21 de Novembro, 2004 Palmira Silva

O ateísmo atómico

«…a natureza é sempre a mesma, e sempre única e igual em eficácia e poder de acção; i.e., a ordem e as leis da natureza, dentro de todas as passagens e mudanças de uma forma para outra, é em todo lugar sempre a mesma; sendo assim, deveria existir um método unico para compreender a natureza de todas as coisas, ou seja, através das leis e regras universais da natureza.» Baruch Spinoza (Ética, parte III)

O símbolo do ateísmo, o modelo do átomo de Rutherford, poderá a um observador mais incauto parecer despropositado ou uma escolha casuística. Na realidade, a concepção atomista do Universo corresponde à primeira filosofia ateista de que há registo histórico e é indissociável dos movimentos intelectuais que culminaram no libertar da Humanidade do obscurantismo imposto pela religião. Durante séculos, esta teve a primazia da verdade, que afirmava ser global, inultrapassável e indispensável, tanto no que respeita à natureza como ao homem. O reafirmar do pensamento proscrito dos primeiros atomistas entrou em confito com a pretensão tridentina da verdade «científica» ditada por uma Igreja total e absolutamente incompetente na matéria, mas a longo prazo (e muitos processos e fogueiras inquisitoriais) permitiu à ciência uma autonomia de pensamento face à Igreja.

A constituição da matéria e a elaboração de teorias para explicar a natureza do mundo e as nossas relações com ele surgem na Antiguidade clássica a partir da análise do movimento. O movimento e a constante mutabilidade da matéria constituem a questão central que irá orientar a filosofia grega; isto é, o movimento levanta o problema da continuidade da matéria, ou seja, como conceber que exista uma identidade entre o momento anterior e o posterior?

Era necessário, portanto, algo que permanecesse imutável no processo de transformação. Esse algo foi originalmente concebido através da redução da multiplicidade a uma unidade fundamental, identificada com um elemento da natureza, a matéria básica para a formação dos demais materiais, e na qual todos se reduziriam.
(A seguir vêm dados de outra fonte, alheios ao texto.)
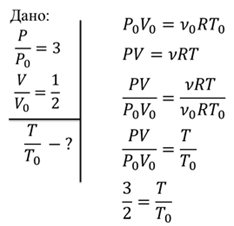 https://fsd.videouroki.net/products/conspekty/fizika10/47-uravnieniie-sostoianiia-idieal-nogho-ghaza.files/image014.png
Esse elemento primordial, ou “princípio” (arqué), assumiria a forma de uma substância concreta, sendo identificado com a água (Thales 640-546 A.C.), depois o ar (Anaximenes 560-500 A.C.), o fogo (Herakleitos 536-470 A.C.) e a terra (Xenophanes).
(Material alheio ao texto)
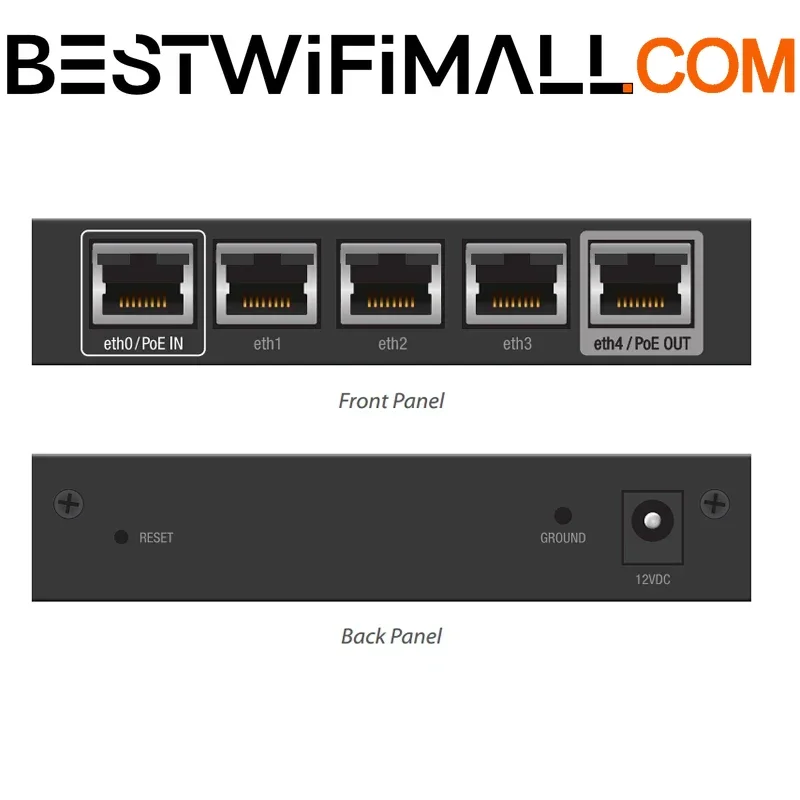 

Маршрутизатор UBIQUITI ER-X EdgeRouter X: продвинутый гигабитный Ethernet-роутер, 256 МБ памяти, 5 гигабитных портов RJ45, PoE-коммутатор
Mais tarde, Empedokles (490-430 A.C.) identificou as quatro substâncias supracitadas – água, ar, terra e fogo – como os elementos fundamentais a partir das quais tudo seria formado.

Por volta de 475 BC, Parmenides no seu poema filosófico On Nature esboçava os rudimentos do que seria explorado dentro de poucos anos pelos primeiros atomistas:

«Considerem quão semelhante é um fogo de outro fogo.
Mas reparem quão opostas em natureza são todas as noites escuras do fogo.
»

Parmenides afirma que, não obstante diferentes aparências, tudo é formado do mesmo ser, solitário, nunca criado e eterno, aquele que é «sem princípio e sem fim». Parmenides não especula sobre a natureza do «ser eterno» mas fornece dois dados fundamentais que as teorias atomistas retomam: todos os objectos do mundo físico são constituídos por uma substância elusiva e constante, que não é criada e nunca acaba, devendo-se as diferenças entre objectos a diferentes configurações dessa substância.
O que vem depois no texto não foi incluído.